Oh, and don’t get me started on strangers who insist her gender would be clearer if I put a GIANT flower headband on her tiny head… 🙂
Why is being able to “identify” or “label” someone’s gender so important? As I was reading the discussion, I was reminded of this article from last week about a girl who was KICKED OUT OF SCHOOL because the administration thought she looked too much like a boy:
The family received a letter telling them that if their eight year old granddaughter didn’t follow the school’s “biblical standards,” that she’d be refused enrollment next year. She’s out and in public school now.
She is eight-years-old. When I was eight-years-old, I was playing with Barbie, LEGO bricks, Transformers, Hot Wheels, My Little Ponies. None of it was hard-wired. I like what I liked (and, I probably liked what I saw on the afternoon cartoons). I don’t recall liking pink, but I loved purple. For a time, my hair was really short, and perhaps boyish. But, no one ever said anything. I can’t even imagine the devastation I would have felt had I gotten kicked out of school at eight years old because someone thought I didn’t look enough like a girl. Not because I would have necessarily wanted to be more “girlie,” but because I would have heard loud and clear that I wasn’t good enough; that I wasn’t accepted by society. At EIGHT-YEARS-OLD. Nice.
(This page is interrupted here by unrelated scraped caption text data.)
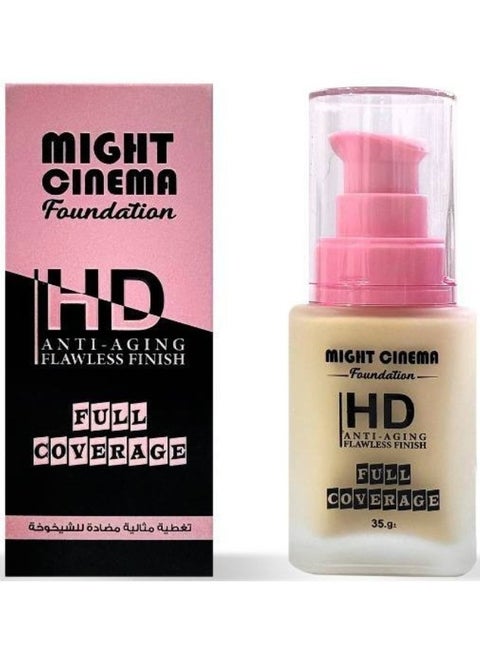 MIGHT CINEMA Foundation HD ANTI-AGING FLAWLESS FINISH FULL COVERAGE NO.104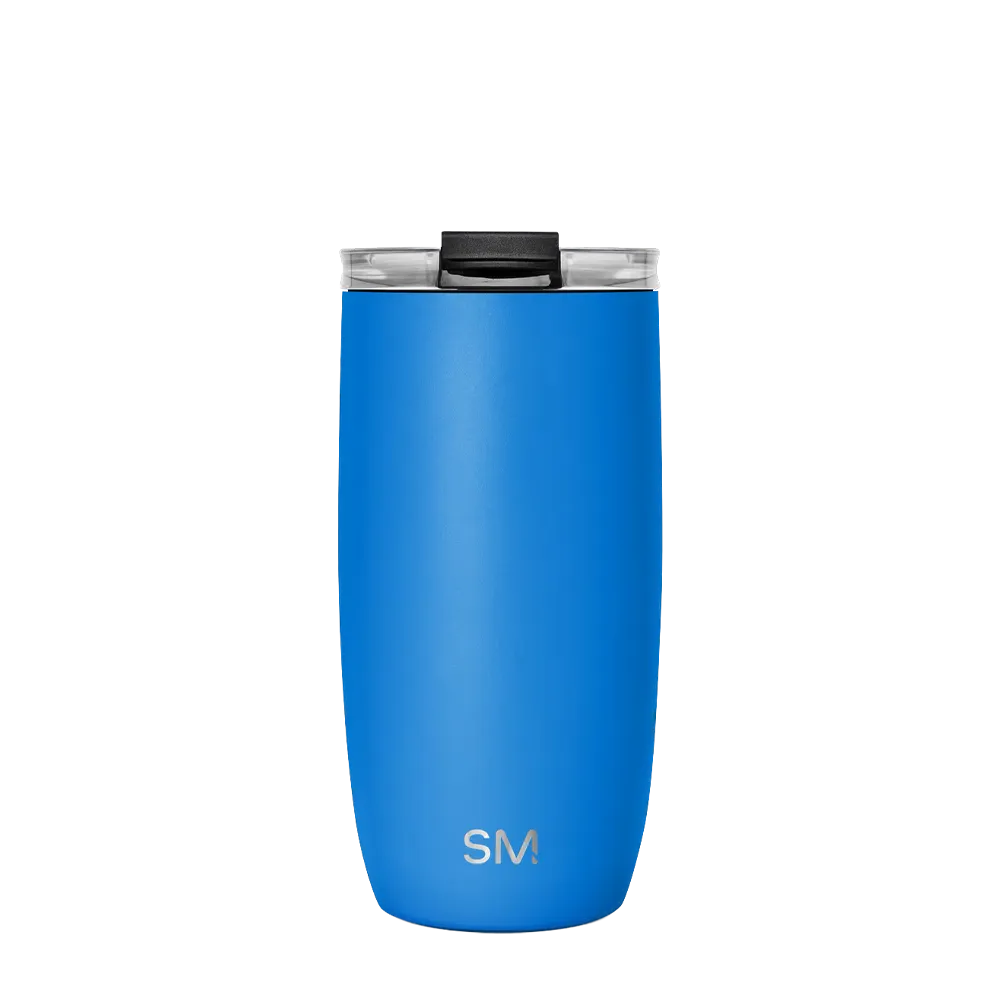 Simple Modern Voyager Tumbler with Clear Flip Lid and Straw 16 oz Supersonic Blue 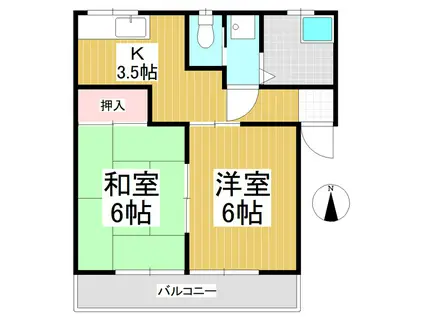 サンテラス東部(2K/2階)の間取り写真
I’m glad she’s out of the situation, but what does being kicked out of school for what amounts to “not wearing pink and having short hair” mean? For me these two discussions come together to suggest that there is nothing about us that is as important to society at large as what our gender is and how quickly other people can identify it. One of the commenters on the NPR story suggested that people feel they need to be able to identify the gender of a baby because they fear the mother will get upset if they pick wrong, which may be true in some cases, but overall? I don’t know. Maybe some parents, like the commenter above, think “babies just look like babies.” And, MAYBE babies are valuable regardless of gender.
This whole “pink” thing has been on my mind a lot recently because I have been working with LEGO in my technical writing class. I’ve paid more attention in recent weeks to conversations about toys, LEGO and otherwise, and have heard many comments from friends, family, and the Internet about how pink is hardwired into girls. Allegedly, girls love pink. Society assumes it’s true. You can walk into any toy store and see the pink aisle. At my local Target, the LEGO Friends sets were previously placed a few aisles over from the regular LEGO sets. (If I recall correctly, they were with the Barbie’s.) In the past couple of months or so, Target moved the LEGO Friends to the aisle next to the LEGO sets, but now they are with the Duplo sets. This is just one example of where the assumption that “pink is hardwired” is a big problem. This is one of the reasons people’s focus and “need to know” gender is scary. Because once that gender is determined to be female, it’s off to the pink aisle for the child: right next to the Duplo, in case the pink toys are too complicated.